*** Opening Source material ***

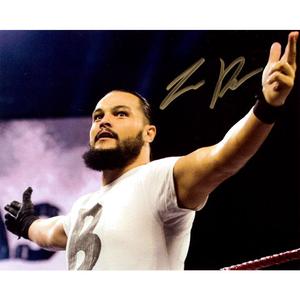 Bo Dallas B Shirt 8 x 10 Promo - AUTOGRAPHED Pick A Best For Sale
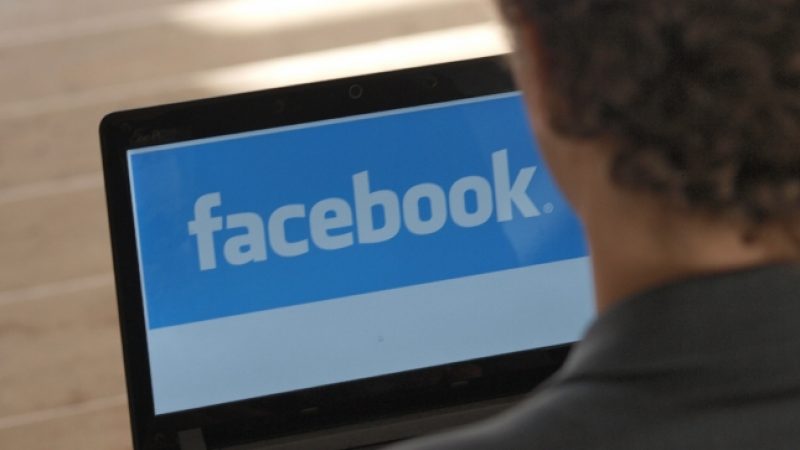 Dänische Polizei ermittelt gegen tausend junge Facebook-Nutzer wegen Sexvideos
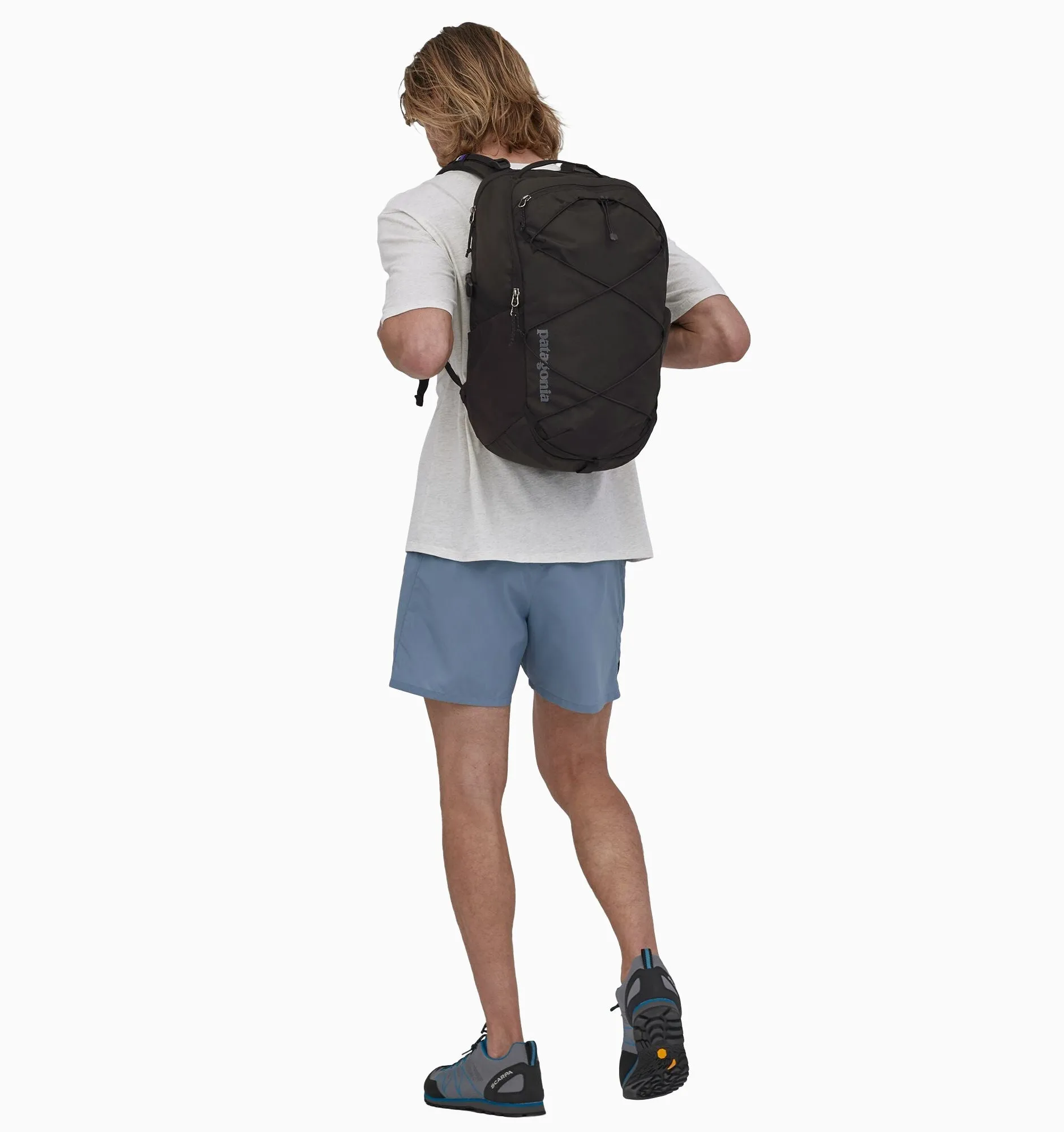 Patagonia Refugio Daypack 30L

*** Closing Source material ***
*** Opening Source material ***

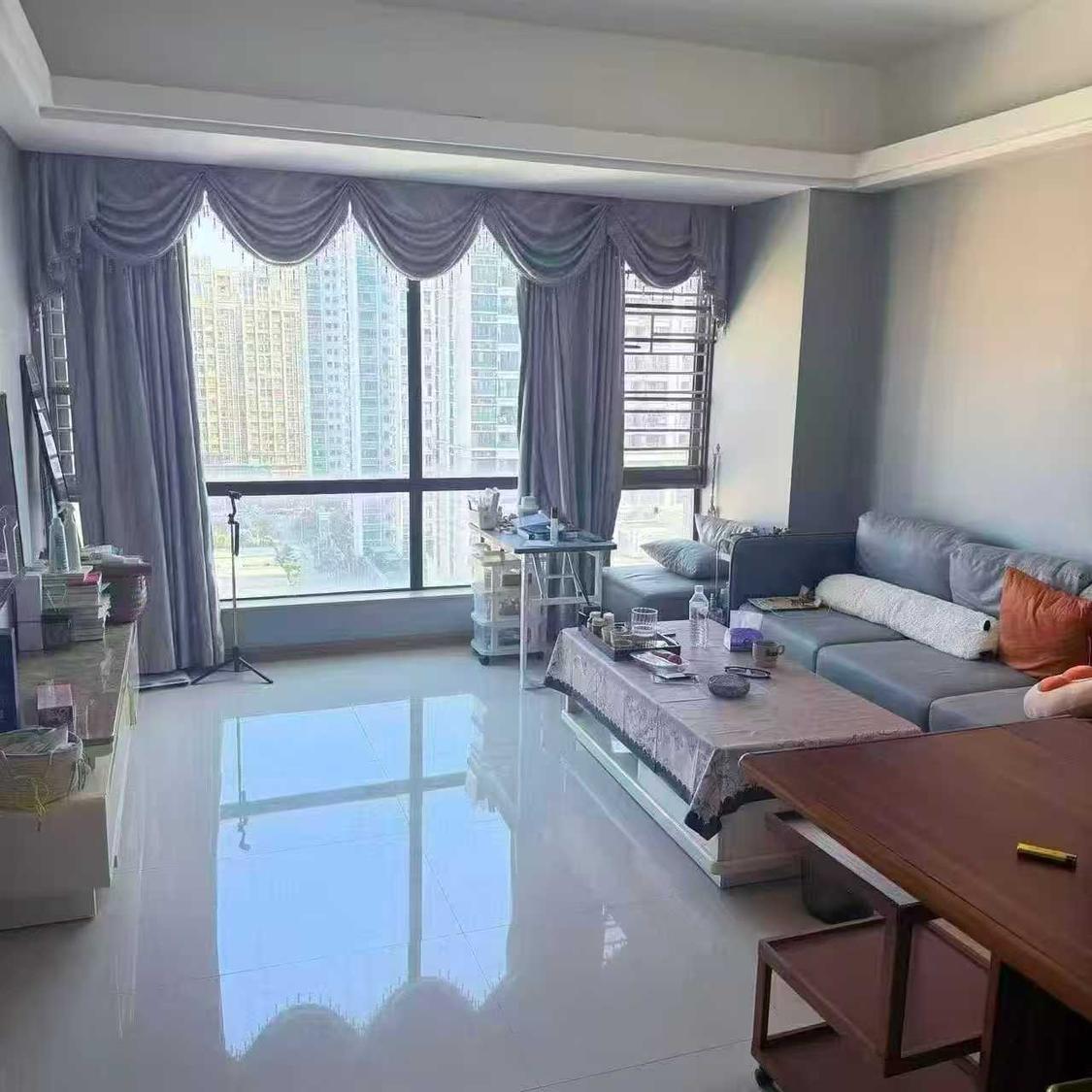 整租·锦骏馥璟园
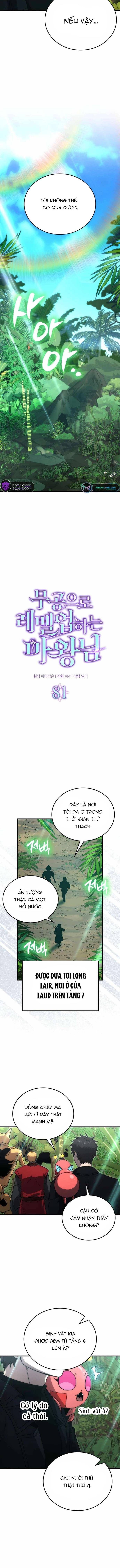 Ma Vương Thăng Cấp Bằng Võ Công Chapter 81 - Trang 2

*** Closing Source material ***
*** Opening Source material ***

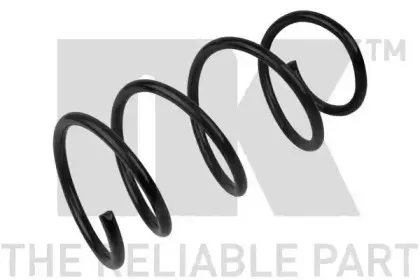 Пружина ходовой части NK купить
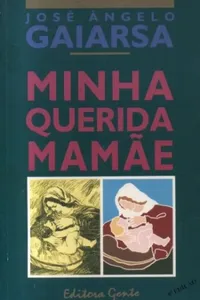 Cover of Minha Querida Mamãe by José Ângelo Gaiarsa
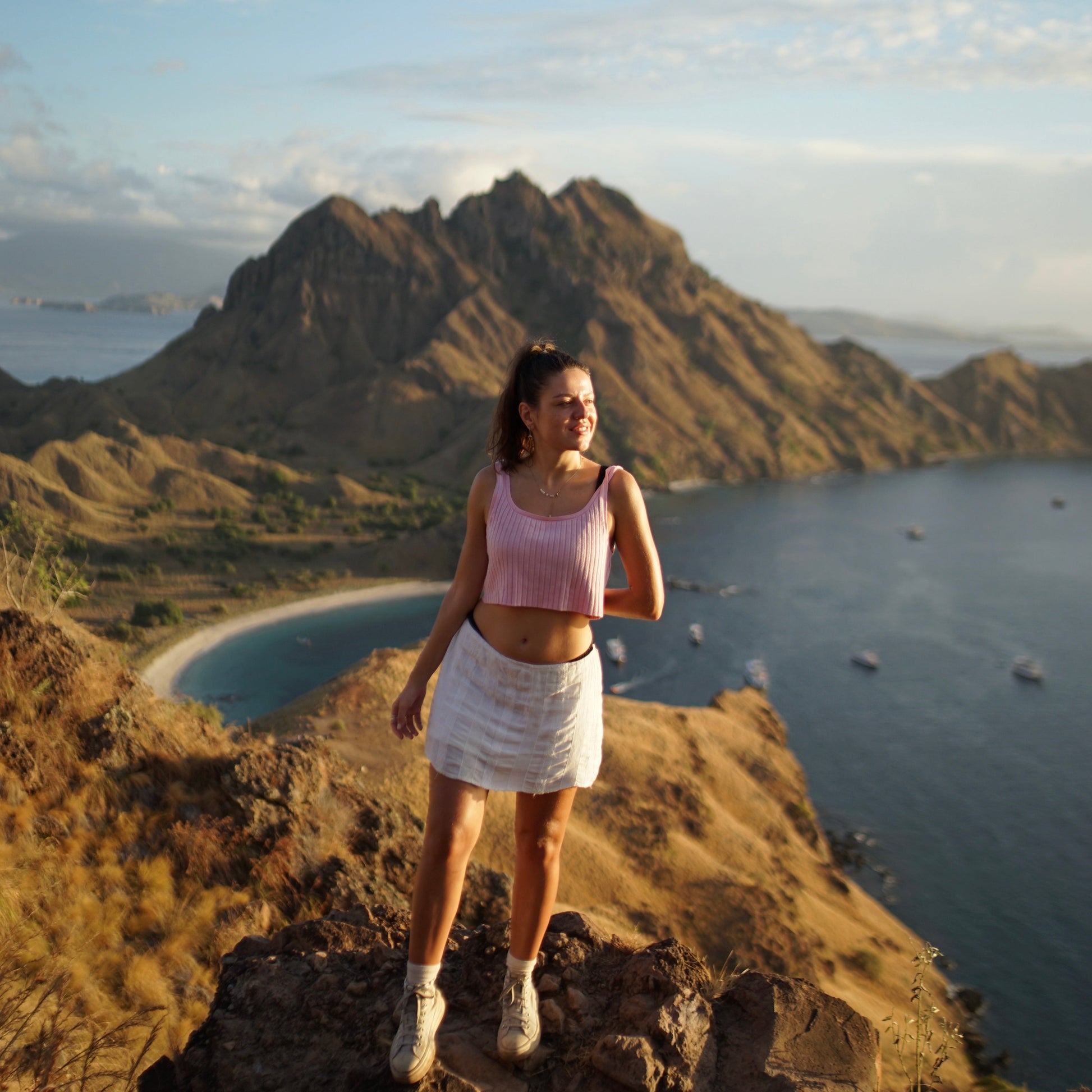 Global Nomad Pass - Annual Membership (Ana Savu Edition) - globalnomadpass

*** Closing Source material ***

Reproduce, exactly and only, the lines of the records above starting at the line with "Cover of Minha" and ending at the line with "Global Nomad Pass", both included. Leave every picture out.

Final answer =>
 Cover of Minha Querida Mamãe by José Ângelo Gaiarsa
 Global Nomad Pass - Annual Membership (Ana Savu Edition) - globalnomadpass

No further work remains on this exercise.